Horaires : tous les jours sauf le mardi de 10h à 18h. Fermetures exceptionnelles : 1er mai, 14 juillet, 15 août, 1er novembre et 25 décembre.

Entrée payante : tarif plein : 6,5€ / tarif réduit : 5€ / gratuité

Site internet du MAMC+
Site internet de la Galerie Sator

L’artiste est représenté par la galerie Sator à Paris, la Galerie C à Neuchâtel et la Fifty One Gallery à Anvers.

Éric Manigaud prend pour sujet des épisodes de l’Histoire du XXe siècle, dont certains méconnus. L’exposition rassemble ainsi une soixantaine de dessins réalisés à partir de photographies d’archives, empreintes d’une mémoire collective sensible.

Le visiteur est immergé dès la première salle dans la matière première qui nourrit l’art d’Éric Manigaud. Des archives originales côtoient planches médicales, plaques photographiques et magazines. Des dessins de matières, eau, terre, racines en gros plan, transportent d’emblée le visiteur au cœur de l’organique. Il se perd dans les gris ouatés, la brillance du graphite, la texture du papier, le tout se confondant avec la matière représentée.

L’histoire du siècle dernier, faite d’anonymes, surgit dans la salle suivante : un couple assassiné, des femmes japonaises aux dos brûlés, des corps à terre, des espaces laissés vides après le drame… L’artiste reproduit des documents photographiques dans un format agrandi.

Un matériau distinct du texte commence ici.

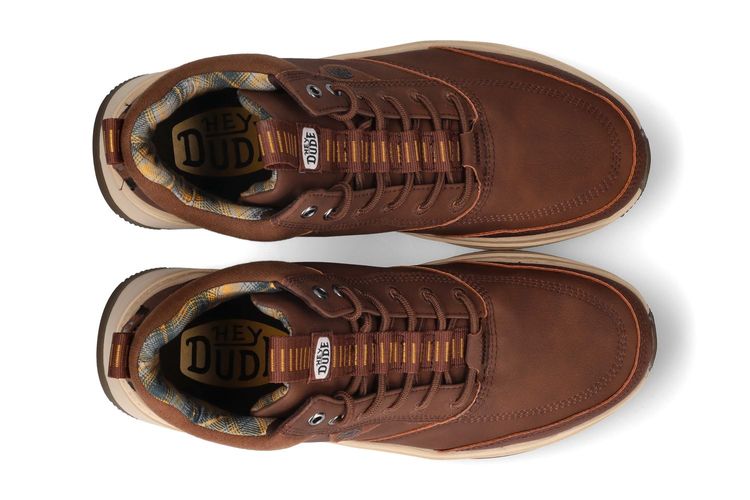 HEY DUDE-TAHOE 2-MARRON-HOMMES-0003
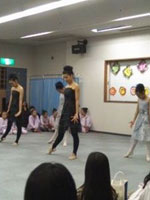 2011年 山口県オレンジカップ出場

Il porte alors à l’échelle humaine des scènes difficiles à regarder, presque insoutenables. Une confrontation physique s’instaure avec ces images souvent censurées ou confidentielles en leur temps, peut-être en vue d’une acceptation.

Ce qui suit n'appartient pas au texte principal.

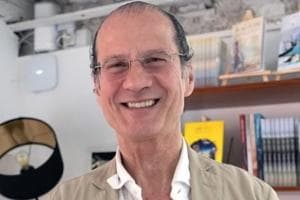 Cultura e arte in lutto per Saverio Simi De Burgis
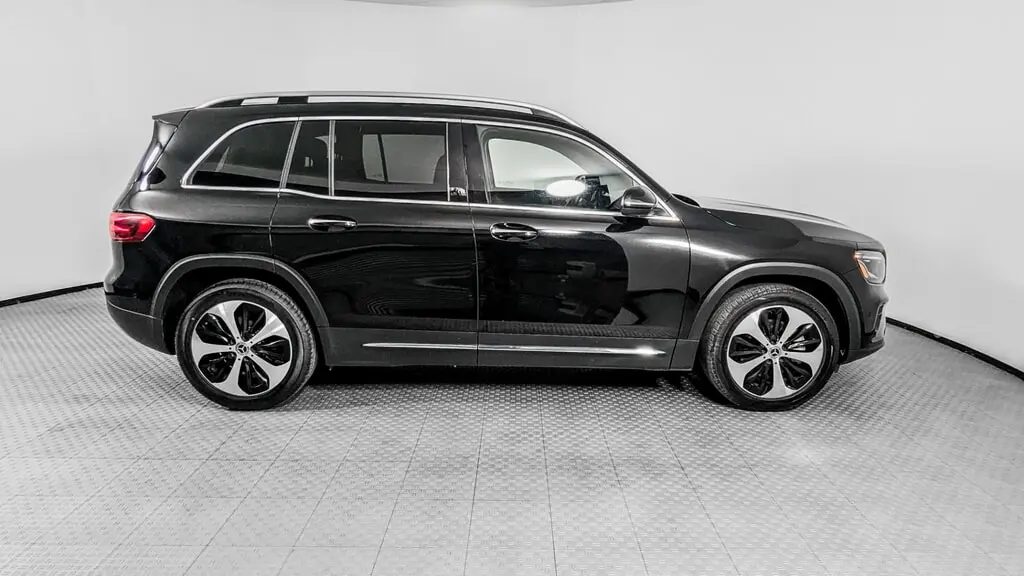 Florida Fine Cars - Used MERCEDES-BENZ GLB 2025 ORLANDO GLB 250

Pour Éric Manigaud, le passage du document au dessin se fait armé d’une gamme de crayons gras et de poudre graphite. Il effectue des micro-hachures centimètre carré par centimètre carré grâce à la projection de l’image agrandie sur le papier. Cette pratique « neutralise » l’image et met à distance les traumas du passé.

La série Madge Donohoe, du nom d’une médium australienne des années 1930, ponctue l’exposition. La médium entrait en contact avec l’au-delà en pressant son visage contre une plaque photographique. Les dessins d’Éric Manigaud dégagent tout à coup une force libératrice, puisée dans le registre de l’inconnu. Les figures aperçues dans les salles précédentes, gueules cassées, regards prisonniers de la folie ou visages terrifiés par l’arrestation policière, passent alors du statut de fantômes à celui de vaincus, laissant un amer sentiment mélancolique.